«Homo sapiens» tem plural?
O homem que (por vezes) sabe
«Eu poderia dizer que o texto de João Miguel Tavares podia servir de ilustração da definição de ideologia que dou no texto em cima; também podia apontar a contradição lógica de alguém que escreve “a minha carta a Greta Thunberg”, ao mesmo tempo que denuncia os que usam a popularidade da jovem sueca “para se porem em bicos de pés”. Mas aquilo a que fui mesmo sensível foi à declinação de homo sapiens no singular, quando a frase exigia o plural, isto é homines sapientes. Este pecado gramatical, esta insensibilidade filológica, é de longe muito mais grave do que o aquecimento climático. Digo-o não do lugar de um latinista, mas de quem não perdoa à escola que lhe coube em sorte, no seu tempo de aluno, os métodos miseráveis e bafientos do ensino do latim, o que só me faz aumentar o respeito por tudo o que já esqueci» («Livro de recitações», António Guerreiro, «Ípsilon»/Público, 6.12.2019, p. 2). O excerto do texto de João Miguel Tavares em causa era este: «Esta ideia de nos apoiarmos no legado de gente extraordinária remete para uma gratidão em relação ao nosso passado, e aos sacrifícios que foram feitos por milhões de homo sapiens que nos precederam, até atingirmos um nível de vida sem paralelo na história da humanidade» («A minha carta para Greta Thunberg», João Miguel Tavares, Público, 3.12.2019, p. 48).

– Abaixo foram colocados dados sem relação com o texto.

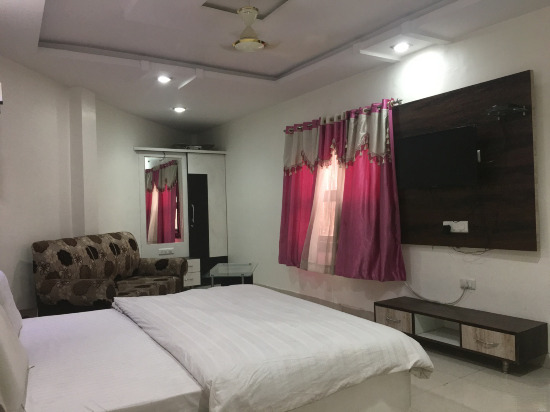 Крепость Jhansi: Hotel Sukh Sagar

Que exagero para aí vai, António Guerreiro. O que vejo logo é que João Miguel Tavares pelo menos usou o itálico, o que não fez no seu texto. Sim, homines sapientes é o plural de homo sapiens, mas atendamos ao contexto. A locução Homo sapiens designa uma espécie e, como tal, insusceptível de pluralização. (Neste ponto, também importava averiguar se em algum outro texto João Miguel Tavares a grafou Homo sapiens.) Todavia, como se pretendia referir um conjunto de espécimes do Homo sapiens, uma forma possível seria escrever «milhões de espécimes do Homo sapiens» ou algo semelhante. Jamais optaria — e eu também estudei Latim — por escrever homines sapientes, sob pena de trazer para um texto do século XXI alguma dessa miséria e bafio a que alude. Para terminar: nunca li em nenhum texto, científico ou não, português ou noutra língua, o plural homines sapientes para designar um conjunto de espécimes do Homo sapiens.